The deformation and breakup of fuel droplets play a critical role in scramjet engines, and understanding the breakup mechanisms induced by high-Mach-number shock–droplet interactions is of great engineering significance. In this work, a series of numerical simulations are carried out to investigate the interaction between shock waves and liquid droplets under high-Mach-number conditions (Ma > 3). A dissipative-interface compressible four-equation multiphase flow model is employed to describe the shock–droplet interaction process and the associated multiphase flow evolution.

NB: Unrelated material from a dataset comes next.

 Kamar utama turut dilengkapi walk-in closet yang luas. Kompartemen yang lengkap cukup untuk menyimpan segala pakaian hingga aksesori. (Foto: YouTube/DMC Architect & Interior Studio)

Droplets with different initial shapes, including spherical, disk-like, and olive-shaped configurations, are considered in the present simulations. The initial droplet geometry is quantitatively characterized by the aspect ratio and sphericity, so that the influence of non-spherical geometry on the shock-induced deformation and breakup process can be systematically examined. Based on these parameters, the evolution of shock-induced wave structures, interfacial deformation, and breakup behavior is analyzed in detail. To further elucidate the breakup modes occurring under high-Mach-number conditions, additional simulations are conducted for a standard spherical droplet. The numerical results indicate that, under the same high-Mach-number shock loading, both the complexity of interfacial evolution and the breakup intensity of non-spherical droplets are strongly dependent on the shock-facing aspect ratio and the degree of droplet elongation along the shock propagation direction. When the major axis of the droplet is parallel to the shock front, droplets with different initial shapes exhibit similar characteristics in their interfacial evolution. In contrast, when the major axis is oriented normal to the shock front, the olive-shaped droplet exhibits more pronounced volumetric accumulation and experiences the weakest breakup among all the configurations considered. Furthermore, our simulations at higher Mach numbers(Ma = 5,7,9,10) confirm the existence of a catastrophic shear-induced entrainment(SIE) breakup mechanism. The results demonstrate that a high Weber number is a necessary condition for the initiation and development of this breakup mode, providing a numerical foundation and relevant criteria for further investigations of shock–droplet interactions.